Published: 10 October 2018

UNECE member States reconfirmed their commitment to implementing the Programme of Action adopted at the landmark International Conference on Population and Development (ICPD) and the ICPD Beyond 2014 Chair’s Summary at a regional review conference in Geneva on 1-2 October 2018.

“The overwhelming view of the conference is a clear recognition of the continued relevance and value of the ICPD Programme of Action, and a renewed commitment to what it stands for,” said UNFPA Regional Director Alanna Armitage at the closing.

“We need this commitment, so that societies in our region are well prepared to adapt to the challenges of demographic change, such as population decline and population ageing. Policy responses need to be designed in a way that embraces the diversity of individual needs and aspirations over the course of life. We must leave no one behind, “said Olga Algayerova, Executive Secretary of UNECE.

“Member States also reaffirmed the centrality of the ICPD Programme of Action in achieving the 2030 Agenda for Sustainable Development,” said Ambassador Deyana Kostadinova, Permanent Representative of Bulgaria to the UN in Geneva, who chaired the event together with Irina Kostevich, Minister of Labour and Social Protection of Belarus, and Ambassador Rosemary McCarney of Canada.

Ahead of the ICPD’s 25th anniversary in 2019, over 250 delegates from 40 UNECE member States, as well as civil society and youth representatives and regional and international organizations, gathered in Geneva for the conference, organized by United Nations Population Fund (UNFPA) and the United Nations Economic Commission for Europe (UNECE).

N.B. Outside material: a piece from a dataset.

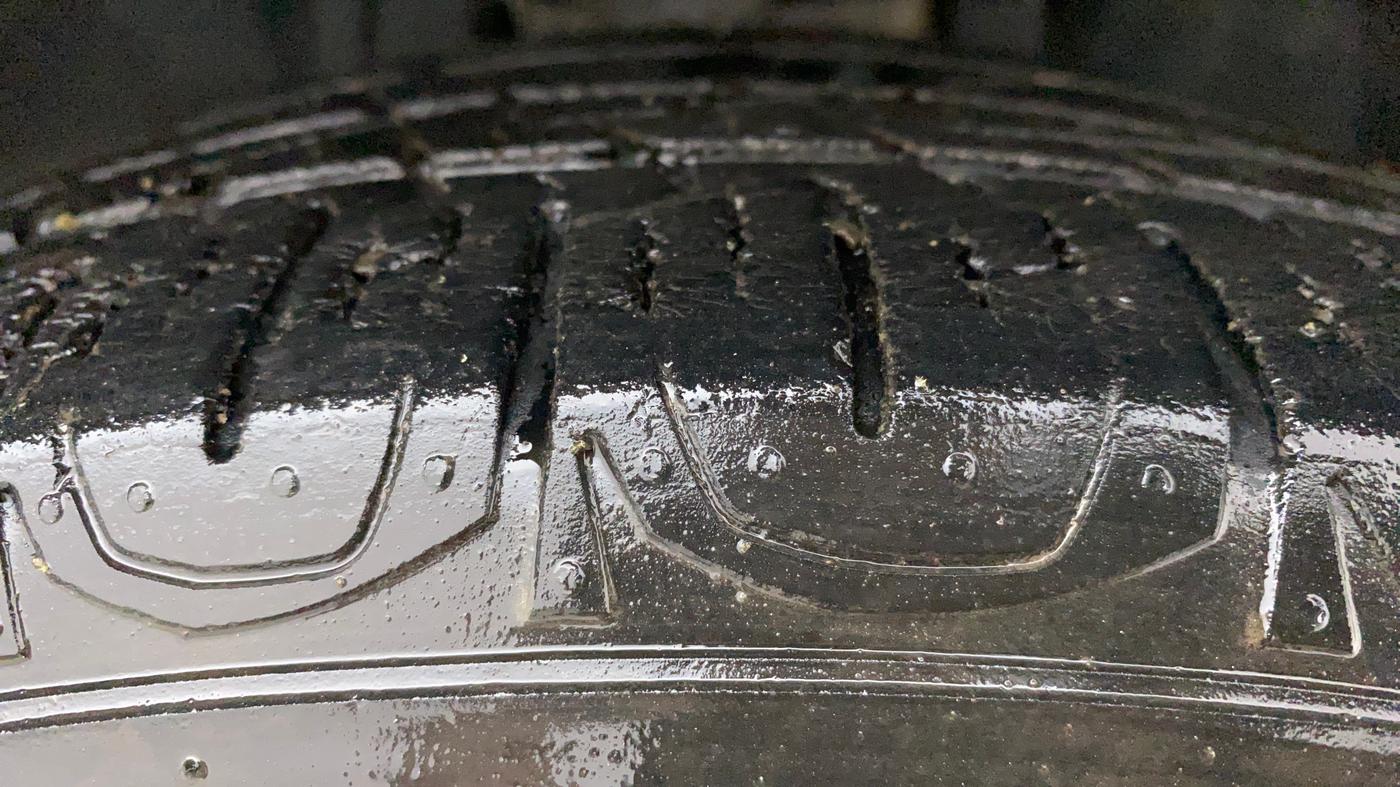 2018 Jeep Compass LIMITED 1.4 PETROL AT, Petrol, Automatic, 50,636 km, Right Front Tyre Tread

One of the key themes emerging from the conference was the need to increase investments in individual capabilities and ensure human rights, including reproductive rights, and gender equality throughout the life course to respond to the population dynamics affecting the region.

In a region marked by low fertility, population ageing and complex migration movements, strengthening the human capital of society and creating enabling environments for all is key for achieving stability, well-being and prosperity, speakers said.

Investing in people and their capabilities pays off also in terms of fertility, evidence presented at the conference showed. In the low-fertility environment, countries ranked high on the Human Development Index also have higher fertility levels, as people are more confident to establish families. There is one exception: high development countries where traditional gender norms have not been shifting fast enough towards more gender equality generally continue to have very low fertility levels.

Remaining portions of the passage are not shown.